[openstack-dev] [nova][heat] sqlalchemy-migrate tool to alembic
Mike Bayer
mbayer at redhat.com
Fri May 22 21:27:27 UTC 2015
OK, have just gotten off a chat with the folks at summit.
I am glad that I've managed to get my concerns about this approach out
there. For people reading my notes here, I've gotten the answer to my
question about how database access code is written for a system that is
moving from some particular schema structure A to a new one B.
Essentially, supposing we've released "L", and we are now in development
for "M". Over the course of M, we are adding new objects, e.g. tables,
columns; let's call these M1, M2, M3. These objects are meant to
replace older objects in L, say L1, L2, L3.
As M is being developed, at all times the model and database access
layer must consider both of L1, L2, L3, and M1, M2, M3, at the same
time. Meaning, the notion of schema migrations as something you commit
and at which point you can cleanly just change your model is gone. The
model needs to be able to load data from the L1/L2/L3 objects and ensure
that it gets copied to M1, M2, M3, either as the APIs are accessed under
normal use, or via a "background process" that will move data over from
L to M. It is only when the database data is fully moved to M, but
also when *all database-connected applications* are moved up as well,
that the "contract" phase can be run. The "contract" phase will then
drop every object in the database that is not in the currently running
model, including any additional objects that were added by the operator.

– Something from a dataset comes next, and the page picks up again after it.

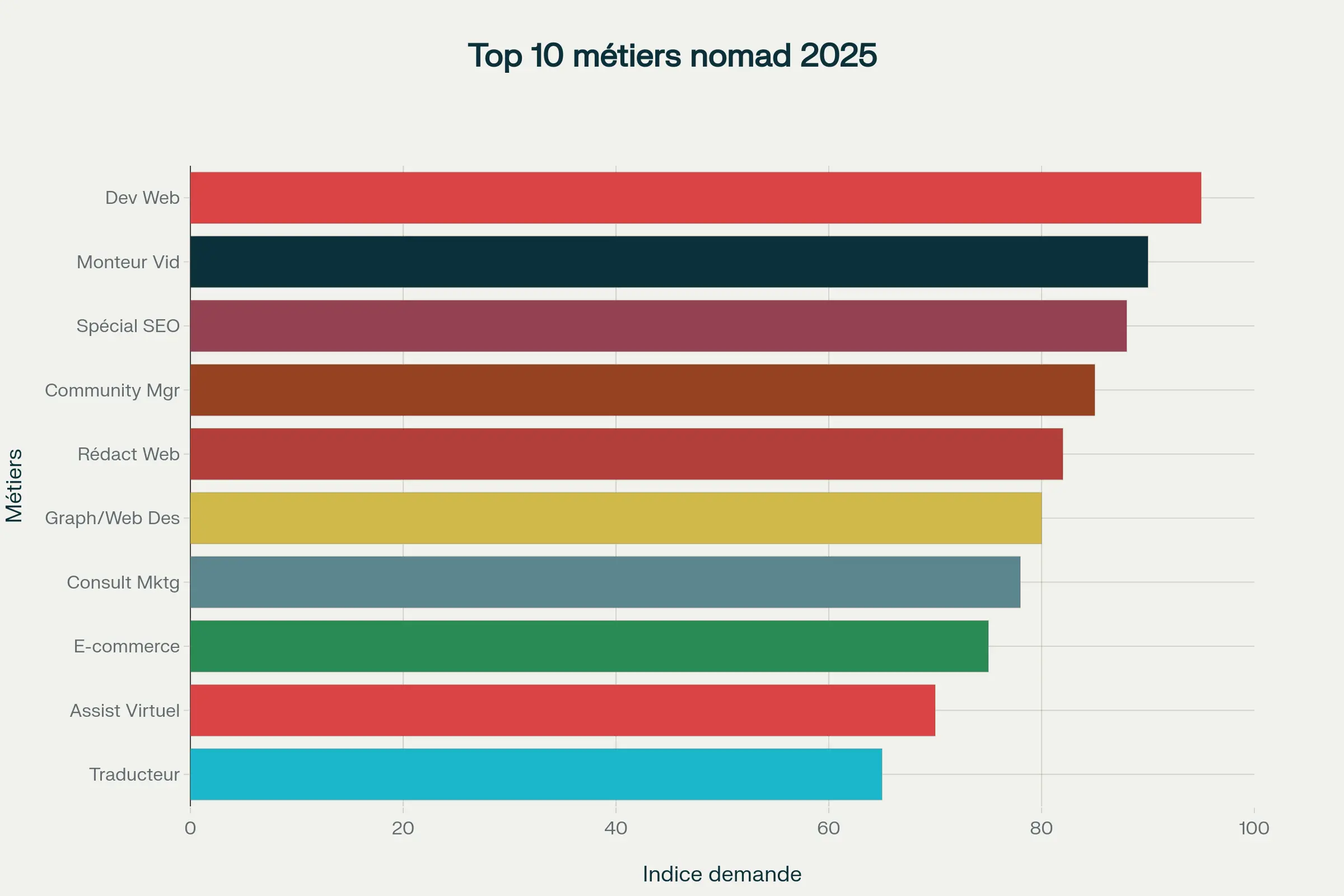 Top 10 des metiers digital nomad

Now, the approach of having a model that can bridge the gap between two
schemas, to delay the full migration of changes across, is in fact very
common in the real world of database applications. This is a common
technique that is often necessary.
What is dramatically different in Nova's case is that what is normally
just a particularly tedious tool one can choose to use in specific
situations, that of the model that must bridge two different schema
designs and slowly migrate data, now becomes an absolute hard
requirement in all cases. It is no longer considered to be tenable
for developers to decide on a case-by-case basis which kinds of
migrations are trivial and can safely be run during an "expand" type of
phase, vs. those that are data- and lock- intensive if done in bulk and
therefore should be carefully rolled out over time at low scale.
Let me be clear that one of the big things I want to work on is cleaning
up the model and database access code I see in Nova and many other
Openstack applications. Right now it's complicated, slow, and is
riddled with evidence that people didn't always have a firm grasp of the
APIs when they wrote it. But what we are talking about is creating a
hard link between the complexity of the model/DB access code and the
ability to make necessary changes and improvements to the schema. It
means that every schema change now inflicts verbosity and complexity
directly into the model and database access logic, not in a
self-contained, write-once-and-forget-it database migration script
elsewhere; data migrations and business model access code are to be
literally merged together most likely into the same function in many
cases. This is definitely going to make my job of cleaning up,
simplifying, and vastly improving the performance of this logic that
much more difficult. This is the squeeze point within the whole
approach and it is also the one which the Nova team could offer the
least specifics on. While simple things like column transitions
shouldn't be too terrible, more significant changes like table moves or
restructurings will be very difficult; and as always, while this might
be fine for Nova, it definitely is not appropriate for less mature
Openstack projects just starting out with new schema designs that will
have a bigger need for periodic refactorings.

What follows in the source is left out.